Most notably, access to devices can be restricted.

I don't know what you mean by "carry fat binaries and a kernel for chrooting
an environment" \-- you don't need a separate kernel for chroot, any more than
you need a separate kernel for docker. There's no advantage to static linked
binaries (fat binaries?) when you can put the storage of your containers in a
zpool or btrfs with deduplification. Same as your chroots.
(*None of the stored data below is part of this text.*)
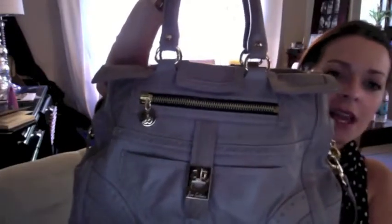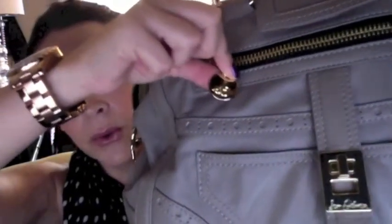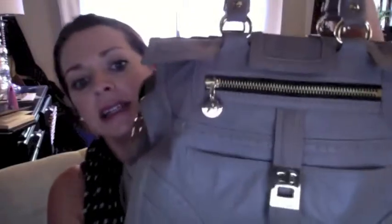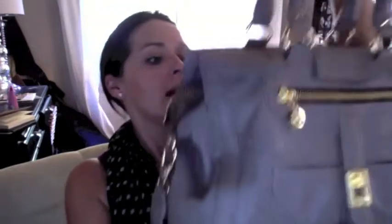It's the Sam Edelman bag with gold detailing which I really like, and it has tons and tons of pockets. There's a pocket here which I keep nothing in, a zipper pocket, and inside it has one huge pocket. It also has a pocket on the front and the exact same pocket mirrored on the back with a magnetic closure. These little flaps on the front are actually functional pockets.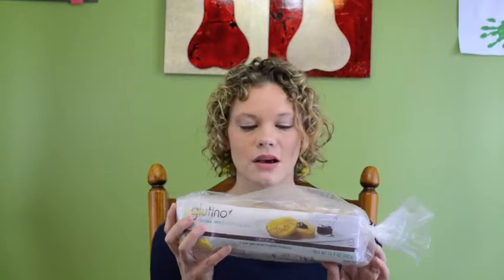My next favorite item is this big Glutino English muffin. Oh my gosh, these are amazing. I saw them maybe a month or two ago and never did purchase them, mainly because they were $4.79 at Walmart, where I got them, and I actually saw them at Hy-Vee for like seven dollars. I finally went ahead and got them at Walmart. Whenever you can find a baked good that's already pre-made and gluten-free, I'm all over it. I do a lot of baking, but sometimes I just want to grab something out of the freezer and heat it up.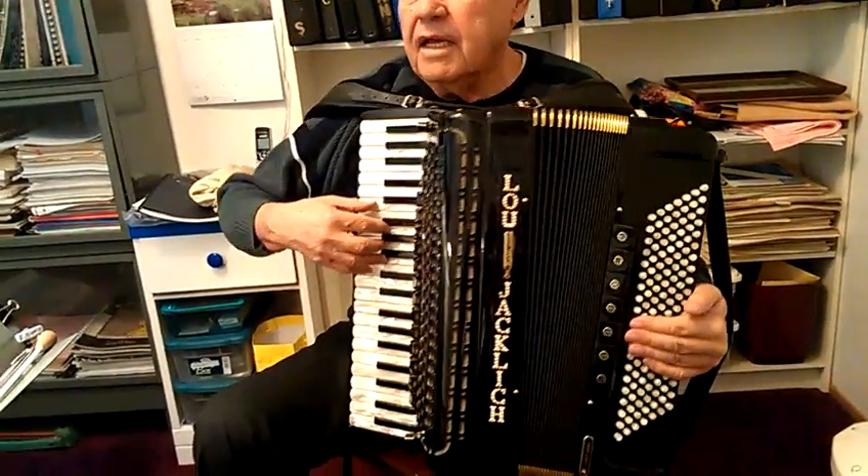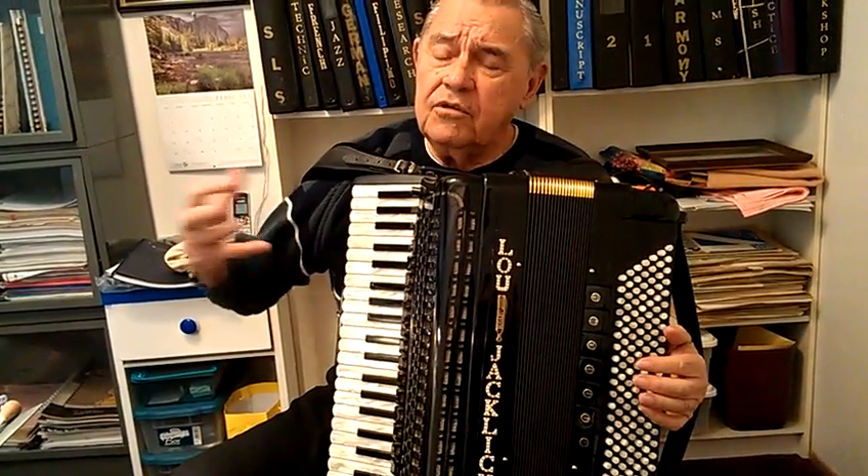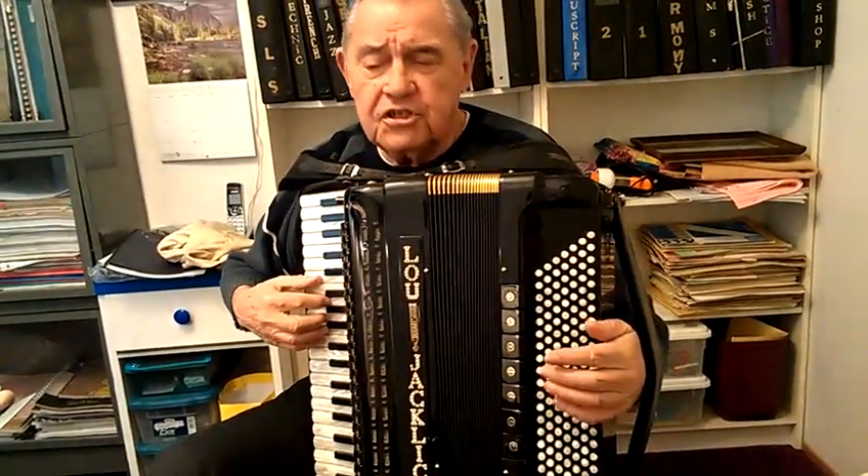Understand that part? Yes. Now, in ad-libbing a little bit, first start with just the same notes you have in your hand. Don't move this hand, but keep this going.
Try out docker. Read about cgroups. I first gave LXC a try a few years ago and
I was really sad about the extent of support for creating guests and keeping
them properly isolated. It was really not friendly at all. You basically had
to commit to using kernel patches that made your system pretty unusable as a
desktop. (Was that xen dom0 or lxc?)

Everyone was saying, "Ohh, LXC is no better than a chroot." It's insecure,
easy to break yourself out. Not so much anymore, with the current state of
Docker you don't even have to know all the advances in cgroup and namespaces.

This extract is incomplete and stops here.